2.3.4 Finding information on a particular topic in an unorganized
collection
A collection may not have been organized according to some taxonomy or
the taxonomy may not be detailed enough for the user's purposes, or may
be irrelevant to the user's interest. In this case content based
search becomes crucial. A user could search for documents containing
all three of the words "small", "Japanese", and "trees", and likely obtain
articles on bonsai. If the collection were organized with a taxonomy
that the user didn't know about they could then discover the keywords from
the document found and use that to find other documents with the same categorization.
2.3.5 External taxonomy to view a DASL collection
A user could view various DASL supporting collections according to the
user's own taxonomy. Here we assume that the user has a taxonomy
where for each category there is a complex query for which the relevance
score returned establishes a documents degree of membership in the category.
A DASL application could issue a series of these queries on a collection
resource and thus categorize the documents within the resource.

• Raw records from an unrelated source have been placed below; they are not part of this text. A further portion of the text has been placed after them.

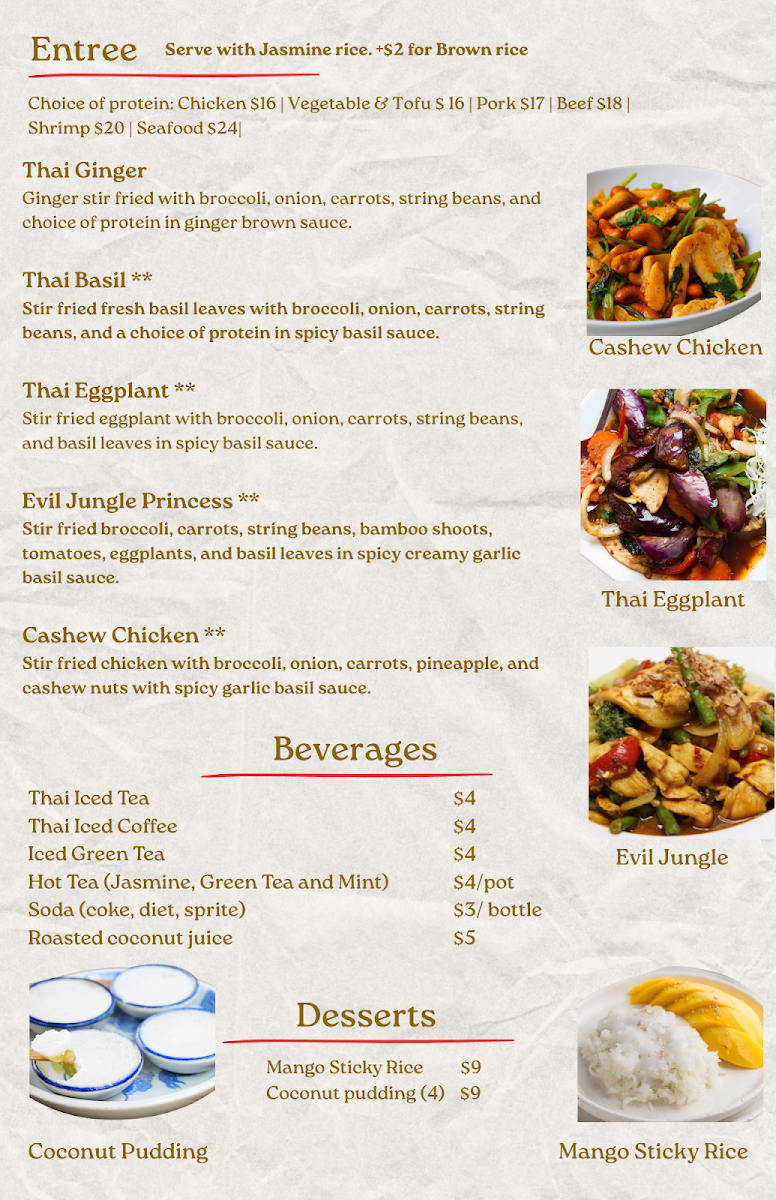 Menu Tora Sushi-4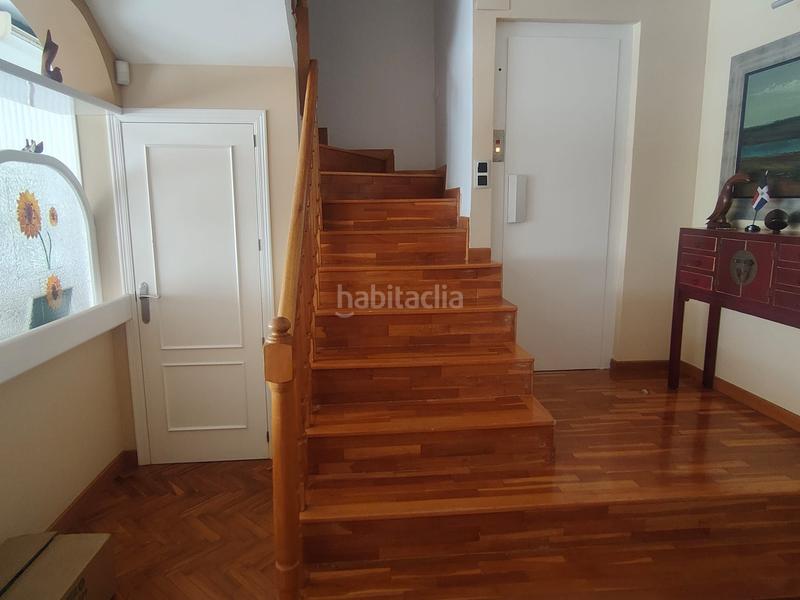 Foto 56476385-6358-437a-9dde-1e8790294ab8. Reihenhaus mit heizung parking pool in Cabo de las Huertas Alicante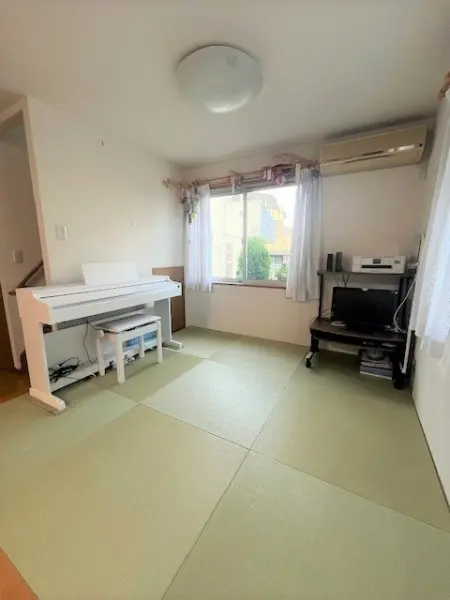 三島郡島本町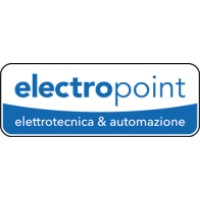 ELECTROPOINT SRL Logo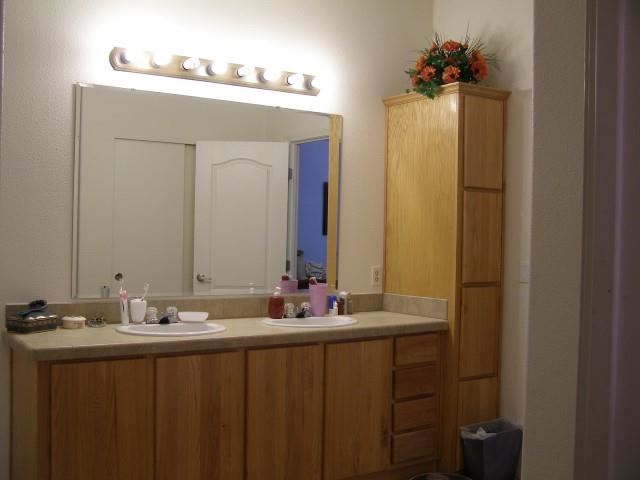 4724 Johnny Walker Way - Photo 12
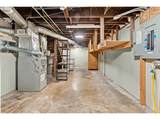 7060 Kerby Ave - Photo 44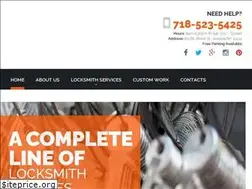 Sites similar to jsteinlock.com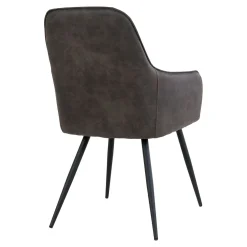 Stühle 2er-Set HARBO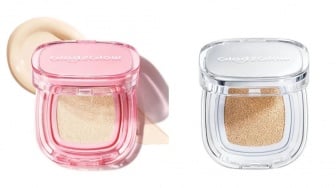 Cushion Glad2Glow Pink dan Silver, Apa Bedanya? Ini Kelebihan Masing-Masing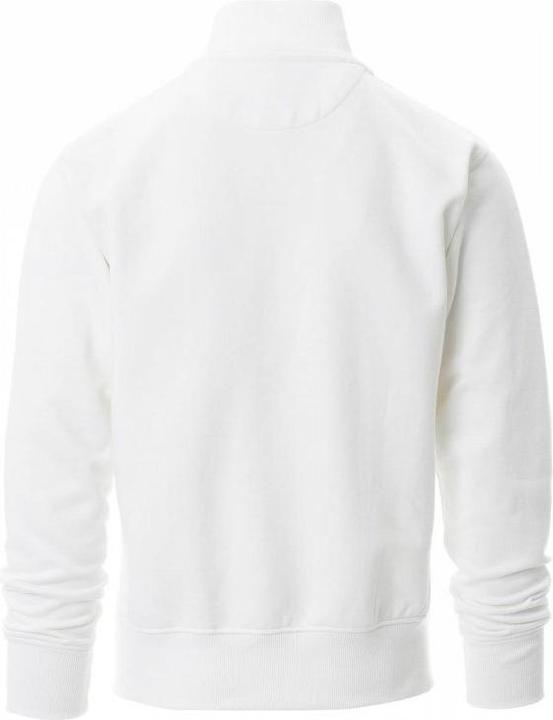 Produktbild Payper Sweatshirt Klasse+ (M)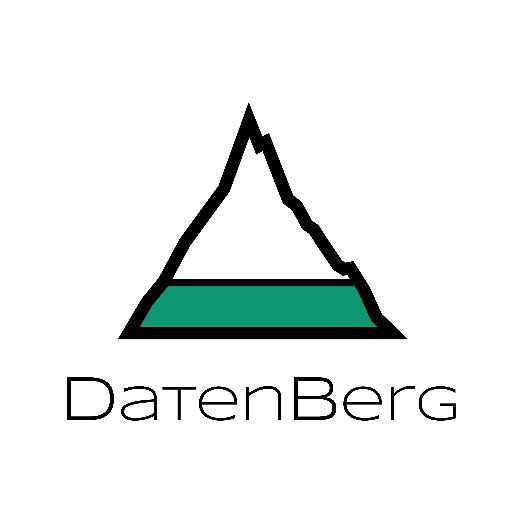 DatenBerg GmbH Profile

2.4 Controversial Scenarios
These are scenarios where there is great doubt as to if they will be supported
in the protocol.
2.4.1 Finding the right information by looking at the hit highlights
Natural language being so context dependent means that content based search
inevitably retrieves false positives if it is getting very many of the
true positives. The user is left to pick through the documents returned
to find the ones that are actually relevant. Highlight information
can be used to make this easier. A DASL application could present
a list of the sentences that had the hit words in them. This is likely
to allow the user to discard most of the false positives without having
to view the whole document.
2.4.2 Finding the information in a large document
The user may do a content based search that returns a large document of
many pages but the relevant part of the document is in only one or a few
parts of the document. Hit highlighting will help the user find those
parts. A smart DASL application could present links to jump to the
next hit or concentration of hits.
2.4.3 Saved query result
A user does a search and gets a very large set of results. The user
then progressively narrows the search down by adding constraints to the
previous search.
2.4.4 Saved query result II
A user does a search and spends some time improving the query so that it
catches a large set of information on a particular topic without bringing
in much noise. The query is made available to other users with similar
information needs. The others are likely to combine that query with
their own more temporary constraints to achieve their own information needs.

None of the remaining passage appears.